Penn’s Board of Trustees approved the design for the new Vagelos Laboratory for Energy Science and Technology at 3200 Walnut Street.

The $173 million facility is scheduled to open in the fall of 2024, consolidating energy research programs by providing 110,000 square feet of laboratory space, Penn Today reported. The building will house the Vagelos Institute for Energy Science and Technology and the Vagelos Integrated Program in Energy Research.

The facility is funded by donations totaling $70 million from Roy and Diana Vagelos, Penn Today reported. Their initial $50 million donation in 2019 was the largest in the history of the School of Arts and Sciences. The couple later donated another $20 million to expand the building’s design from six to seven stories, Penn Today reported.

The new structure, located next to David Rittenhouse Laboratory, will serve as an energy and sustainability-focused research hub for both the College of Arts and Sciences and the School of Engineering and Applied Sciences, Penn Today reported.
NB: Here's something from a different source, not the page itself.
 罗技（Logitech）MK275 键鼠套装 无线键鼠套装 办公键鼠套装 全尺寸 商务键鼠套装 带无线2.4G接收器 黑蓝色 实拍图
It will include wet chemistry research labs and optics research labs for researchers in both schools.

The facility will also include collaborative spaces and offices with energy-efficient features, such as radiant heating and cooling systems and shading devices on the eastern and western facades, which will minimize glare on the building, Penn Today reported.

Construction is expected to begin in March 2022, and completion of the facility is anticipated in fall 2024, Penn Today reported.

“We are so grateful to Roy and Diana for their enduring support of Penn’s groundbreaking research in the area of energy research and sustainable energy solutions,” Penn President Amy Gutmann told Penn Today. 

“Their tremendous generosity and trust in Penn’s collaborative approach, bringing Penn’s world-renowned physical scientists and engineers together to solve scientific and technological problems related to alternative sources of energy and energy use and storage, is a testament to Penn leadership and innovation in seeking a sustainable future.”